While Schuman wrote concertos for piano and for viola and even A Song
of Orpheus (taking Schuman's as its embarkation point his own song setting
of the typically English text Orpheus with his Lute) for cello and
orchestra it is the Violin Concerto that has won the laurels. The Concerto
was introduced by Isaac Stern in three movement (rather than the final two
movement) form with the Boston SO under Charles Munch in 1950. The composer
was unhappy and it only settled in 1958 after several revisions. The final
shape is of two serious dramatic episodes each of symphonic weight. Some
have suggested that this is a symphony 'with violin'. The violin however
has a prominent and commanding role and the dramatic struggle is most naturally
that of a concerto.
This is not its first recording. The first came in 1971 with a Deutsche
Grammophon LP (2530 103). Two young artists gave the work the performance
of a lifetime. Michael Tilson Thomas conducted and the soloist was Paul Zukofsky
(much associated with the CP2 label and recordings of Jón Leifs and
Schnabel). The Boston SO (the orchestra who had premiered the work twenty
years previously) play as if possessed. The work can be stark, tender, delicately
dancing but always on the edge of the abyss. There is a comforting big city
loneliness about this music as well as some awed perspectives on mortality.
When I bought the LP (second-hand as an impoverished student in Bristol)
I played it close to death. While the Piston Second Symphony (on the 'flipside')

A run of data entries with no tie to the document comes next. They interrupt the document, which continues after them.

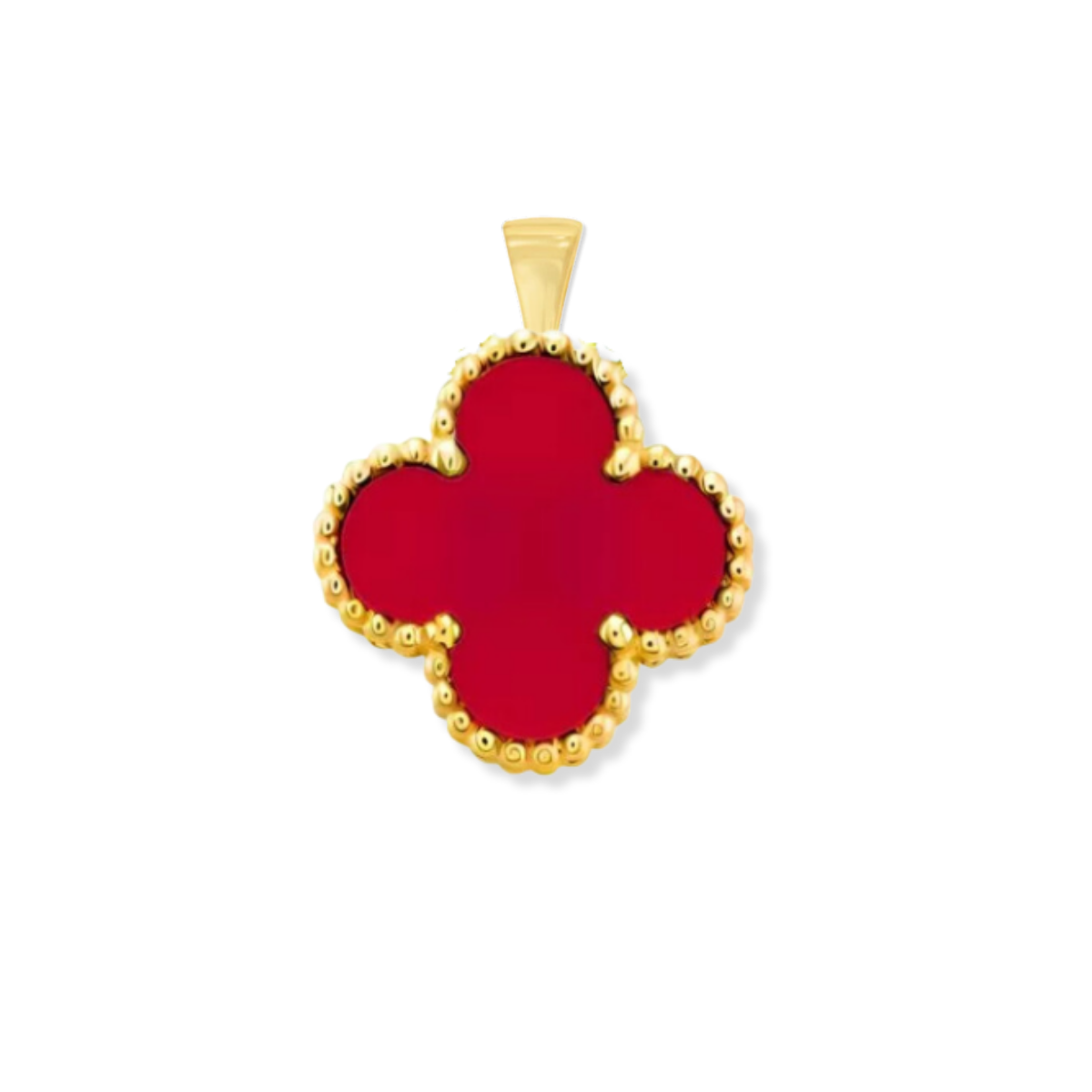 Dije Trébol Rojo, 10 Kilates. Oro Fino Joyería.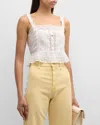 Loveshackfancy Luanne Crochet-trimmed Embroidered Cotton-voile Top In True White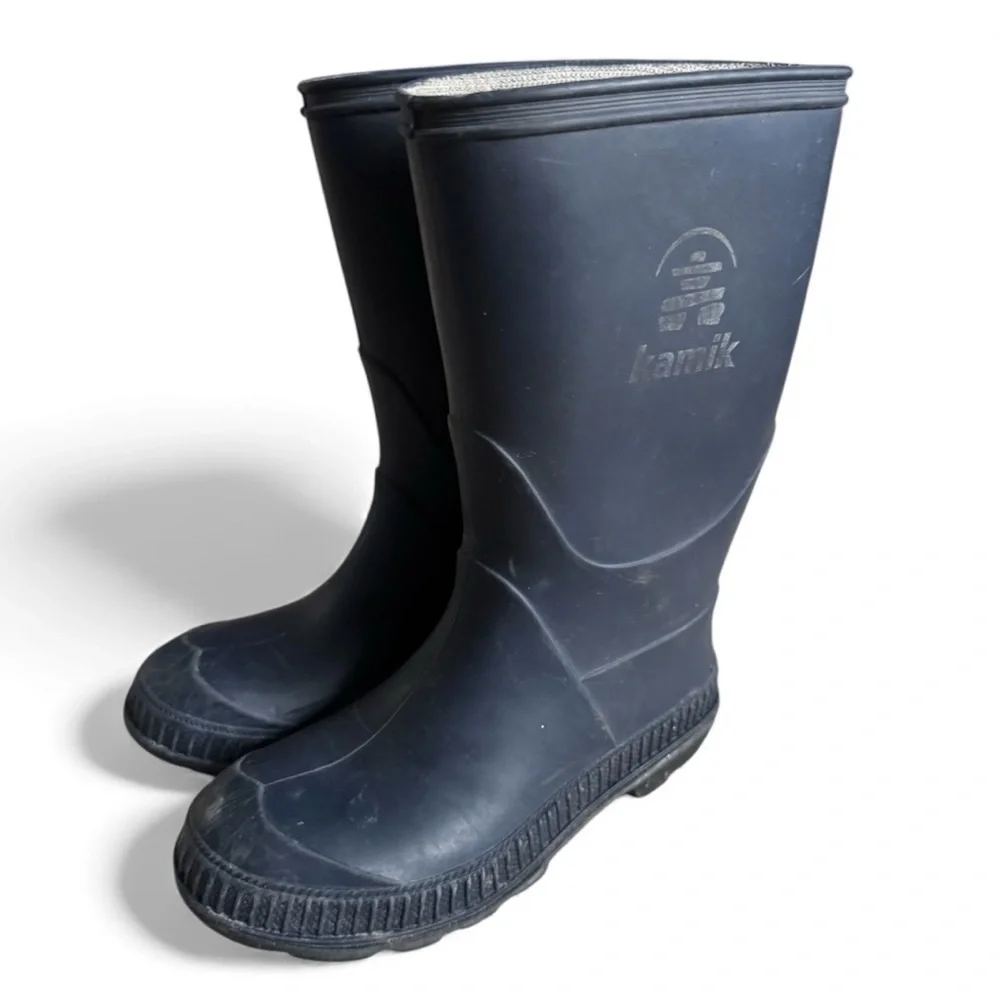 Kamik Waterproof Rubber Rain Boots Outdoor Winter School Navy Blue Kids Size 13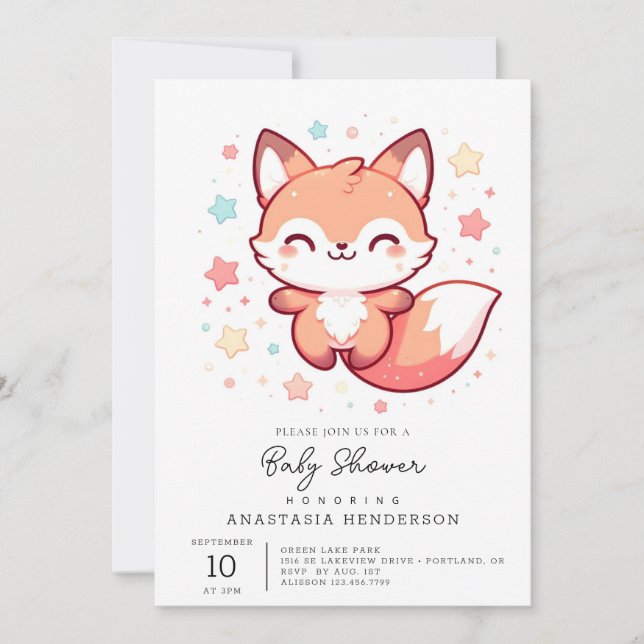 Sweet Dreamy Fox Baby Dusche Einladung (Vorderseite)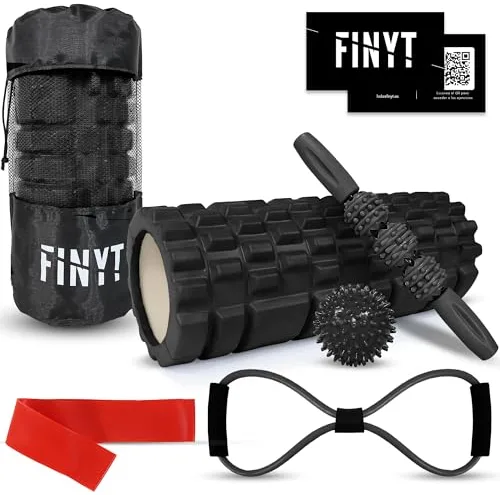 FINYT - Foam roller pack 7en1 - rodillo masaje muscular, rulo masaje muscular, bola de masaje, banda elástica pilates, goma muscular, ejercicios foam y bolsa de transporte roller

made an instant conquest the concerto insinuated its way into my musical
armoury much more subtly. The language is not hard-going - nowhere near as
testing as, say, the Frankel concerto. Impressions as I listen now: Paganinian
celerity, shakes and trills, Nielsen-like skirling passages, a pleading call
which pre-echoes Maria! Maria! from Westside Story and excoriating
suggestions of Vaughan Williams from symphonies 4 and 6. In the second movement
scurrying pitter-patter dialogue evolves into the ecstatic expression of
early Tippett. Schuman is a master of writing for strings. The music has
the resolve of Rawsthorne (as in the First Violin Concerto) and the high
surging tragedy of Stanley Bate's Third Symphony of 1940. There are quite
a few moments of dolce tenderness and these often seemed to be an
extrapolation (not always that remote either) from the Elgar concerto, of
all things. The end of the work is one of the most adrenaline-exciting yet
substantial among all violin concertos - rushing, clamant, breathless,
triumphant, defiant.
Quint's is not the first recording. The Zukofsky reissued on DG 429 860-2
and possibly on a more recent disc as well, is to be preferred by the finest
of margins. The orchestral contribution is molten and Zukofsky's squelching,
cleanly-produced, fruity tone is glorious. There are some harsh sounds now
(a hint of squawk in the climactic passages at fff) with the passage
of the years. Quint however has all the necessary pugnacious delicacy and
can weave steely filigree with the best. The Bournemouth Orchestra who must
have been playing the concerto for the first time at the recording sessions
in Poole are in really good form. Serebrier, a conductor for whom I have
very high regard, takes no prisoners and gives the music both the drive and
the caressing tenderness it needs. He also wrote the useful booklet note.
Quint is to be preferred over the 1989 EMI CD (Robert McDuffie / St Louis
SO / Leonard Slatkin). Although the Angel orchestral sound is very good and
McDuffie is the equal of the work's technical and emotional hurdles he uses
a vibrato which, while not as disfiguring as, say, Boris Belkin or Eugene
Sarbu, is, for this listener, a distraction. Duffie's vibrato is closer to
Zino Francescatti. In any event the EMI is not currently available.
Comparative Timings for the Concerto:
I II
Zukofsky 15.00 16.10
McDuffie 15.48 16.50
Quint 1543 1729
This is a wonderful disc and only in 'reviewer-land' would one be tempted
to look this gift-horse in the teeth and ponder what a disc this would have
been if Serebrier had added the Third Symphony and the Triptych. At
bargain price it is anyway an essential addition to your collection and listening
pleasure. Schuman's is one of the great twentieth century violin concertos.
Now, please tell me that Naxos will be doing a complete cycle of the ten
symphonies alongside the Roy Harris 13 and the Piston 9.